A 2x scaled variant renders each font pixel as a 2x2 block (12 px cell width, 14 px row height, 10 characters per line) for the large metric readouts. Horizontal and vertical line primitives, a faux-bold renderer (draw string twice offset by 1 pixel), and a full-framebuffer bitmap blit (DrawBitmap, 1024 bytes via memcpy) round out the graphics API.

At startup, the Oscaria logo is faded in using the SSD1306 hardware contrast register (0x81), stepped from 0 to 255 over 24 increments across ~480 ms, followed by a brief invert-blink accent.

The PEC11R rotary encoder (PB4/PB5 for quadrature A/B, PB6 for push button) is decoded entirely in hardware interrupts. EXTI lines 4 and 5 fire on both rising and falling edges; the ISR reads both pins, builds a 4-bit index from (old_state << 2) | new_state and looks up the direction in a 16-entry quadrature table that maps every valid state transition to +1, -1 or 0 (invalid/no movement). This gives one raw tick per edge, four per detent.

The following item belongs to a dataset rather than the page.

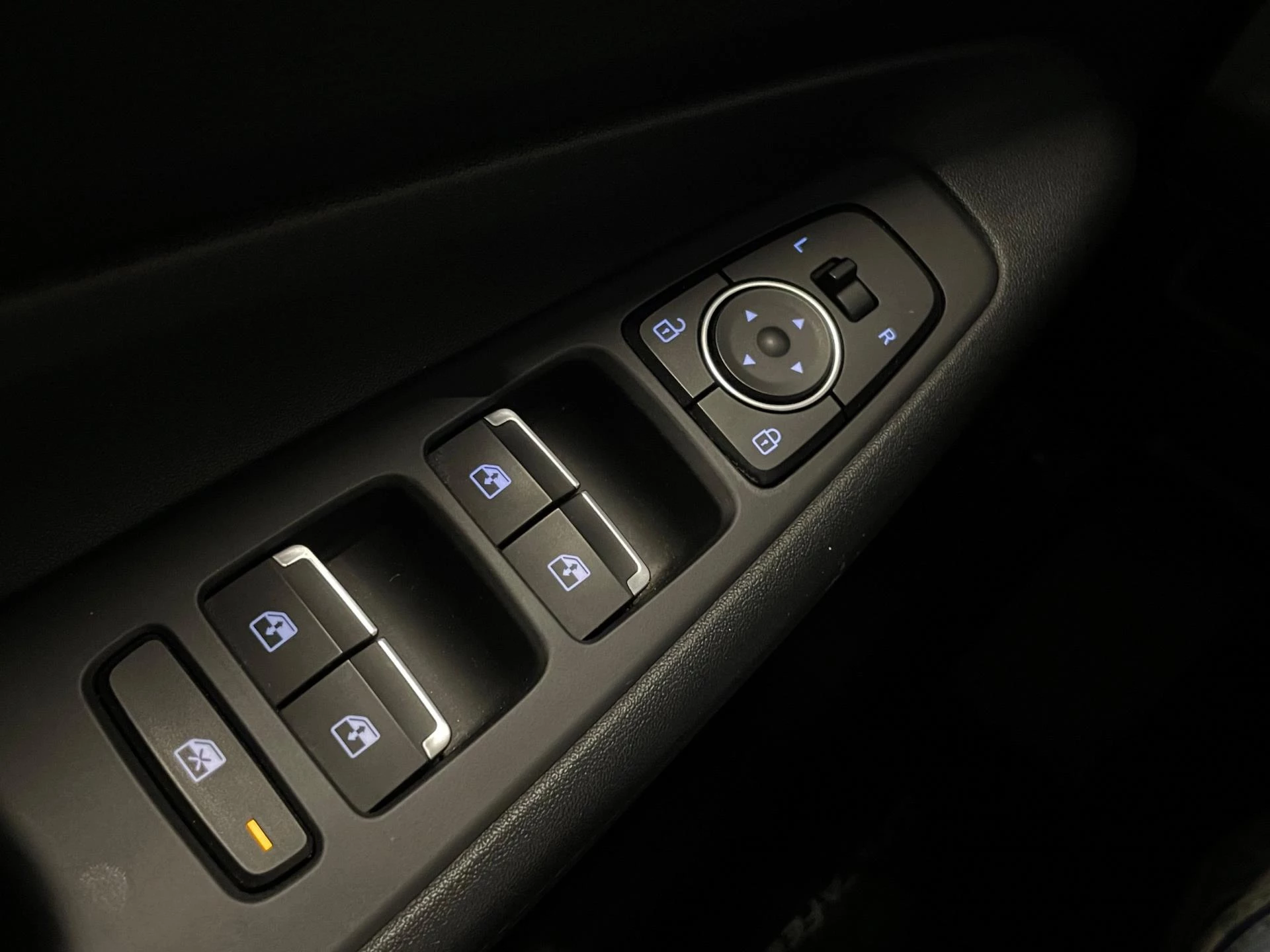 Hoofdafbeelding Hyundai Santa Fe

A signed 16-bit accumulator in the ISR collects raw ticks with INT16 clamping to prevent wrap-around on fast spins. The application layer reads and atomically clears this accumulator (IRQs disabled for the read-and-zero), then feeds the raw ticks into a substep accumulator that divides by 4 (ticks per detent) using a while-loop rather than integer division -- this preserves the remainder across calls so partial detents are never lost. The final UI delta is clamped to $[-127, +127]$ and returned as int8_t.

The push button on PB6 uses a separate EXTI with internal pull-up (no external pull-up present on this line) and latches a one-shot press event on the falling edge. The ISR checks the pin state after clearing the EXTI flag to distinguish press from release.

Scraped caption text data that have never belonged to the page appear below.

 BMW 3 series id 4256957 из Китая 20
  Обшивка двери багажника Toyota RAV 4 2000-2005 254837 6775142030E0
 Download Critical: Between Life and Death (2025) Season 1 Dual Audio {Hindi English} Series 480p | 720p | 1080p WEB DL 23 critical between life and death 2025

The mode button (PB7, active low with external 10k pull-up) is polled in the main loop rather than interrupt-driven. Short press toggles freeze/hold; long press toggles the RGB LED.

Accepts a CV/gate signal (active low via the BC817 inverter on PA2, configured as floating input since the external R14 pull-up holds the line high at idle). The firmware polls the pin each main-loop iteration and runs a three-variable debounce state machine: trig_candidate holds the last sampled level, trig_stable_since records when that level was first seen, and trig_prev stores the last accepted stable state. If the raw reading differs from the candidate, the candidate is updated and the timestamp restarts. If the candidate has been stable for 5 ms (checked via SystemTime_GetDelta), it is accepted and a falling-edge event (1 to 0 transition) sets the one-shot trigger flag.

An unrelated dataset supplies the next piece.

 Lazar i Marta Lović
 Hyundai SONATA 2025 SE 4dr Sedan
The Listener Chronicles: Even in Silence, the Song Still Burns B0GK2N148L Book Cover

On each confirmed trigger event, analysis is automatically frozen for 200 ms and [TRG] is shown in the top bar. Re-triggers if a new pulse arrives before the window expires. Designed for use with a kick drum gate to inspect the exact moment of impact.

The RGB LED (PC10/PC11/PC12) is driven by a sigma-delta PDM engine running in the TIM14 update interrupt at 20 kHz (prescaler and ARR computed dynamically from SystemCoreClock, same approach as the ADC timer). Each color channel has a 16-bit accumulator; on every tick, the target brightness (0-255) is added to the accumulator. If the result is $\geq 256$, the pin goes high and 256 is subtracted; otherwise the pin goes low. Over time, the duty cycle converges to $\text{target}/256$, producing flicker-free dimming at 256 brightness levels without requiring PWM timer channels or AF pin mappings.

All target values pass through a Scale8 function that applies a global brightness: (x * scale + 127) / 255, with rounding. The default global brightness is 64 out of 255 (25%), keeping the LED visible without being blinding in a dark studio.

A 1 ms animation scheduler runs inside the same ISR using a Bresenham-style accumulator: ms_acc += 1000; if (ms_acc >= tick_hz) { ms_acc -= tick_hz; Anim1ms(); }. This derives exact millisecond timing from the 20 kHz interrupt rate without requiring a separate timer. In idle mode, the LED cycles through a full HSV hue rotation over 8 seconds (1536 steps, 6 segments of 256 values each, integer-only -- no floating-point in the HSV conversion). The hue position is tracked as a 16.16 fixed-point accumulator with a per-millisecond step precomputed as $(1536 \ll 16) / \text{period\_ms}$. When analysis is active, the application overrides the color based on mono risk.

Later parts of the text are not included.